2025-09-05 Rootfinding

2025-09-05 Rootfinding#

Last time#

Forward and backward error
Forward and backward stability
Computing volume of a polygon
Goal-setting and activity
Discussion of errors

Today#

Rootfinding as a modeling tool
Use Roots.jl to solve
Introduce Bisection
Convergence classes
Intro to Newton methods

using Plots
default(linewidth=4)

Rootfinding#

Given \(f(x)\), find \(x\) such that \(f(x) = 0\).

We’ll work with scalars (\(f\) and \(x\) are just numbers) for now, and revisit later when they vector-valued.

Change inputs to outputs#

\(f(x; b) = x^2 - b\)
- \(x(b) = \sqrt{b}\)
\(f(x; b) = \tan x - b\)
- \(x(b) = \arctan b\)
\(f(x) = \cos x + x - b\)
- \(x(b) = ?\)

We aren’t given \(f(x)\), but rather an algorithm f(x) that approximates it.
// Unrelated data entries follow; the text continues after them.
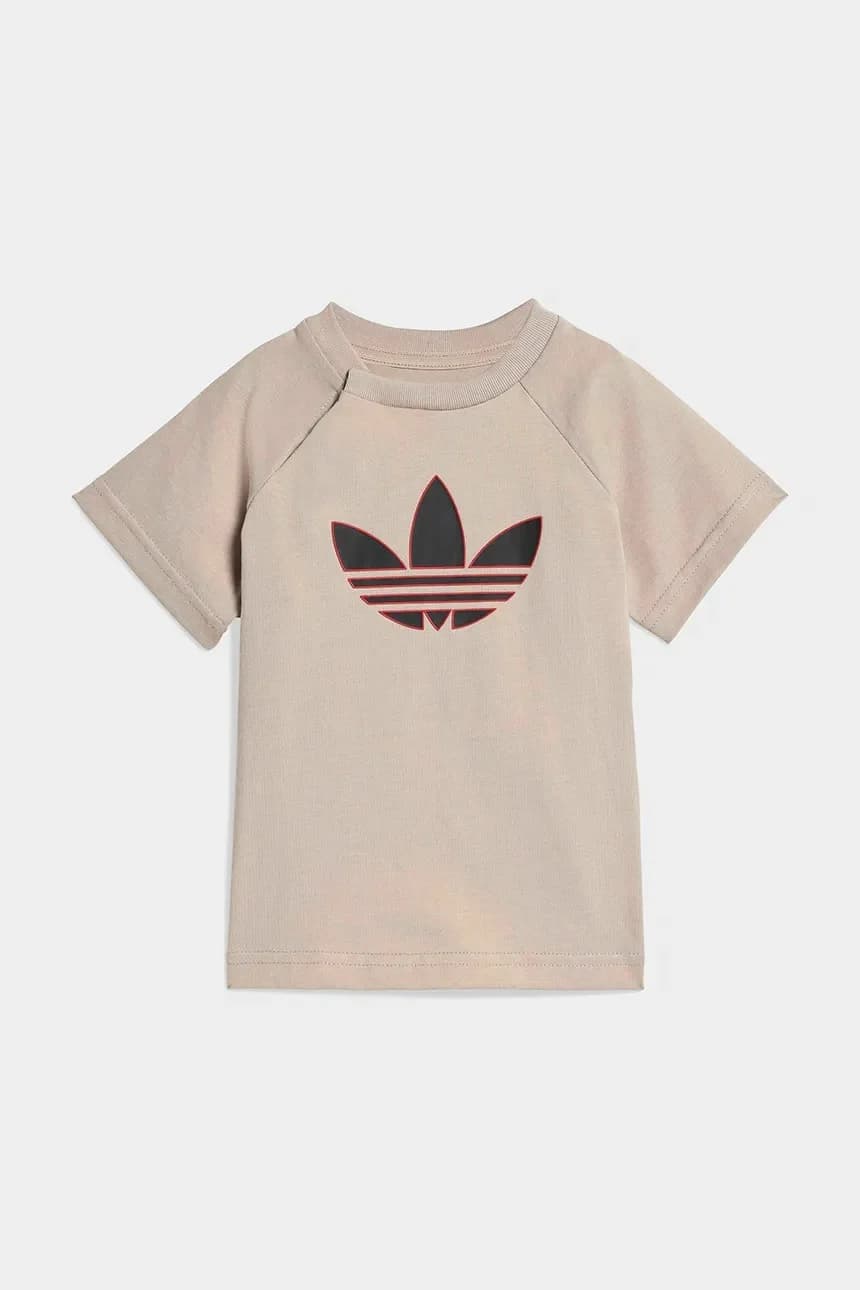 Детский хлопковый комплект - фото 2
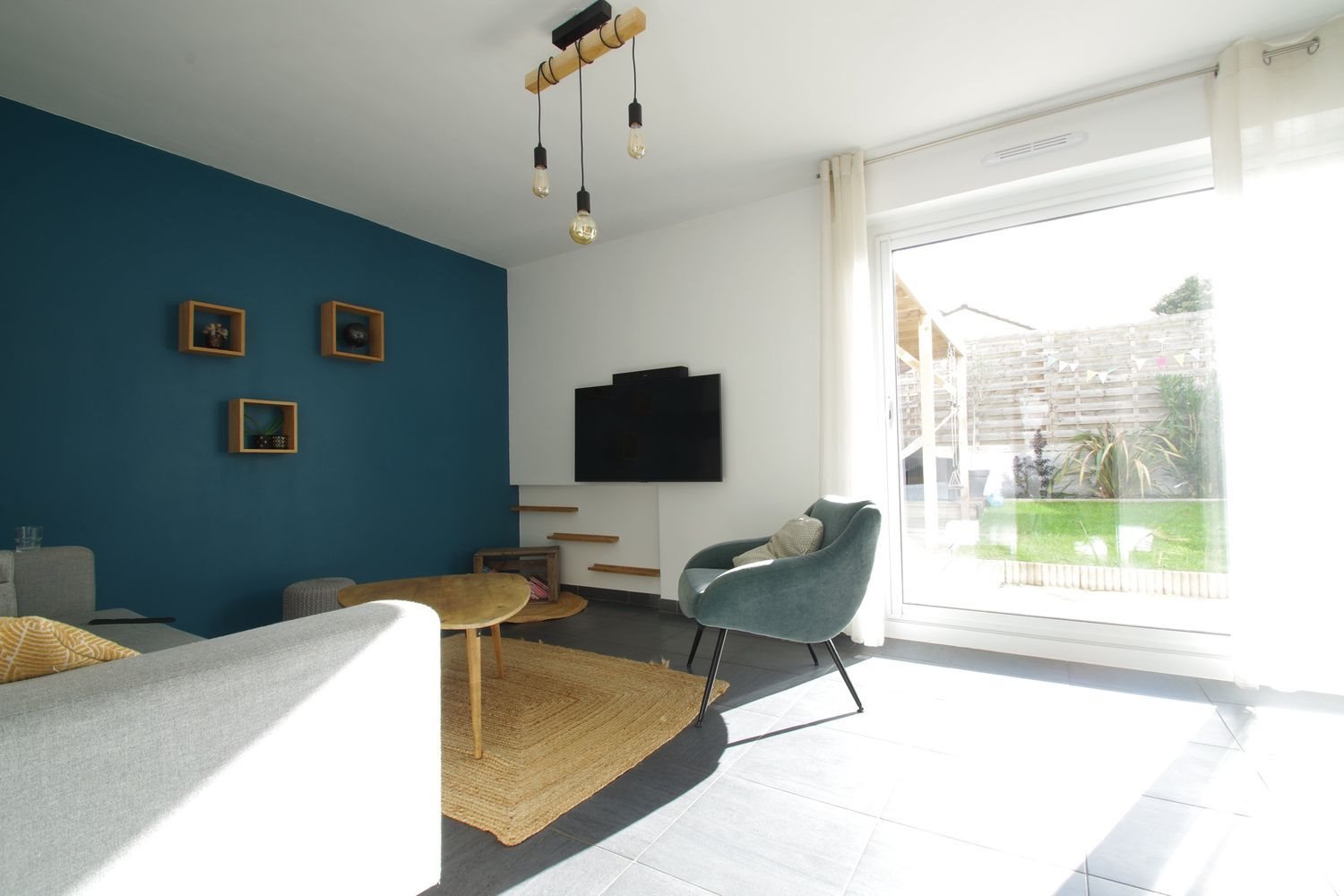 Maison à vendre, 106m², Vertou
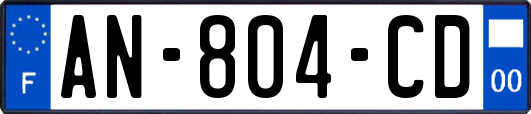 AN-804-CD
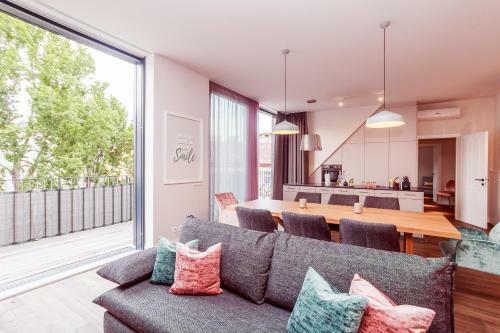 Urban Lodge - Apartments Vienna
Sometimes we get extra information, like fp(x) that approximates \(f'(x)\)
If we have source code for f(x), maybe it can be transformed “automatically”

Nesting matryoshka dolls of rootfinding#

I have a function (pressure, temperature) \(\mapsto\) (density, energy)
- I need (density, energy) \(\mapsto\) (pressure, temperature)
I know what condition is satisfied across waves, but not the state on each side.

Toro (2009)

Given a proposed state, I can measure how much (mass, momentum, energy) is not conserved.
- Find the solution that conserves exactly
I can compute lift given speed and angle of attack
- How much can the plane lift?
- How much can it lift on a short runway?

Discuss: rootfinding and inverse problems#

Inverse kinematics for robotics
- (statics) how much does each joint an robotic arm need to move to grasp an object
- (with momentum) fastest way to get there (motors and arms have finite strength)
- similar for virtual reality
Infer a light source (or lenses/mirrors) from an iluminated scene
Imaging
- radiologist seeing an x-ray is mentally inferring 3D geometry from 2D image
- computed tomography (CT) reconstructs 3D model from multiple 2D x-ray images
- seismology infers subsurface/deep earth structure from seismograpms

Example: Queueing#

In a simple queueing model, there is an arrival rate and a departure (serving) rate. While waiting in the queue, there is a probability of “dropping out”. The length of the queue in this model is

\[ \text{length} = \frac{\text{arrival} - \text{drop}}{\text{departure}} \]

One model for the waiting time (where these rates are taken from exponential distributions) is

wait(arrival, departure) = log(arrival / departure) / departure

plot(d -> wait(1, d), xlims=(.1, 1), xlabel="departure", ylabel="wait")

Departure rate given wait#

Easy to measure wait
I have a limited tolerance for waiting

my_wait = 0.8
plot([d -> wait(1, d) - my_wait, d -> 0], xlims=(.1, 1), xlabel="departure", ylabel="wait")

#import Pkg; Pkg.add("Roots")
using Roots
d0 = find_zero(d -> wait(1, d) - my_wait, 1)
plot([d -> wait(1, d) - my_wait, d -> 0], xlims=(.1, 1), xlabel="departure", ylabel="wait")
scatter!([d0], [0], marker=:circle, color=:black, title="d0 = $d0")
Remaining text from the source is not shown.